ICE uses statutorily-authorized administrative subpoenas to obtain information as part of investigations regarding potential removable aliens.
They have not historically needed to use its lawful authority to issue these subpoenas to obtain information from other law enforcement agencies, as most law enforcement agencies throughout the country willingly provide ICE with information regarding aliens arrested for crimes in the interest of public safety.
ICE is using every tool available to obtain information regarding the whereabouts and other relevant information regarding removable aliens (both in the custody of local jails and at large) from jurisdictions that are unable to, or chose to not cooperate with the federal agency.
This all comes in the heels of the two subpoenas that ICE issued in Oregon last week, serving subpoenas to the Washington County Sheriff’s Office, looking for two men, one whom ICE said had already been released.
ICE pointed out that these immigration subpoenas are necessary due to dangerous sanctuary laws that are forcing Oregon counties, to include local law enforcement agencies in these counties, to refuse ICE’s requests for information and cooperation.
“Politically motivated sanctuary laws tie the hands of local law enforcement agencies who clearly see that working with ICE is crucial to public safety,” said Bryan Wilcox.
He’s the deputy field office director for ICE’s Enforcement and Removal Operations-Seattle.
“These irresponsible laws and policies not only unnecessarily pit federal and local law enforcement officers against each other, but provide a refuge for criminal aliens who prey on people in their communities.
The public needs to know that cooperation between all law enforcement agencies make their communities safer by holding criminals accountable and providing justice and closure for their victims.”
The criminal aliens about whom ICE sought information from Washington County include:
On June 24, 2014, the Washington County Circuit Court convicted a 39-year-old citizen of Mexico for sexual abuse in the first degree and sentenced him to 75 months incarceration in the Oregon Department of Corrections (ODOC).

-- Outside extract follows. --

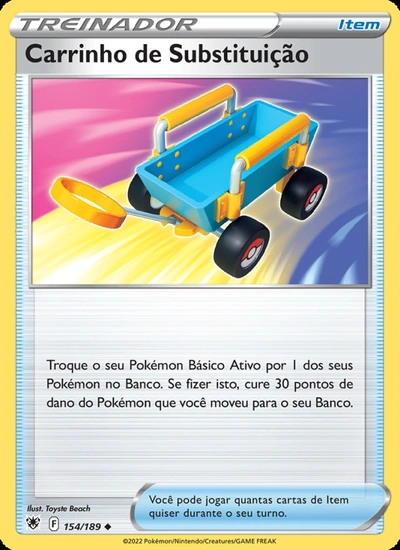 Carrinho de Substituição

On Jan. 15, 2020, the ODOC transferred custody of the man to the Washington County Jail located in Hillsboro, Oregon.
On Jan. 15, 2020 ICE lodged an immigration detainer with the Washington County Jail where he is serving his sentence.
In February 2009 the man was also convicted of criminal possession of a forged instrument in the first degree and sentenced to a fine and 18 months’ probation.

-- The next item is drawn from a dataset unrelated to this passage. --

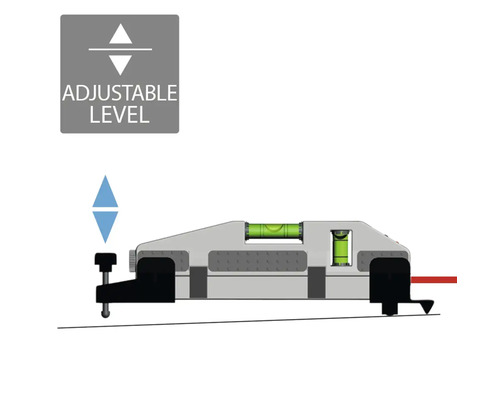 Nivelă cu bulă reglabilă pentru aliniere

He is currently facing additional charges for displaying a child in sexual conduct, nine charges of sexual abuse in the first degree and four charges of sodomy in the first degree.
On Dec. 9, 2019, officers with the Hillsboro Police Department in Oregon, arrested a 44-year-old citizen of Mexico and charged him with driving under the influence of intoxicants, reckless driving, two probation violations for driving under the influence of intoxicants, failure to appear in the second degree for driving under the influence of intoxicants and failure to appear in the second degree for reckless driving.
The man also has three previous arrests between 1999-2018 for driving under the influence of intoxicants.
On Dec. 30, 2019, the Washington County Circuit Court in Hillsboro, Oregon, dismissed the reckless driving charge but convicted the man of driving under the influence of intoxicants and sentenced him to 268 days jail, $654.00 fine and probation for two years.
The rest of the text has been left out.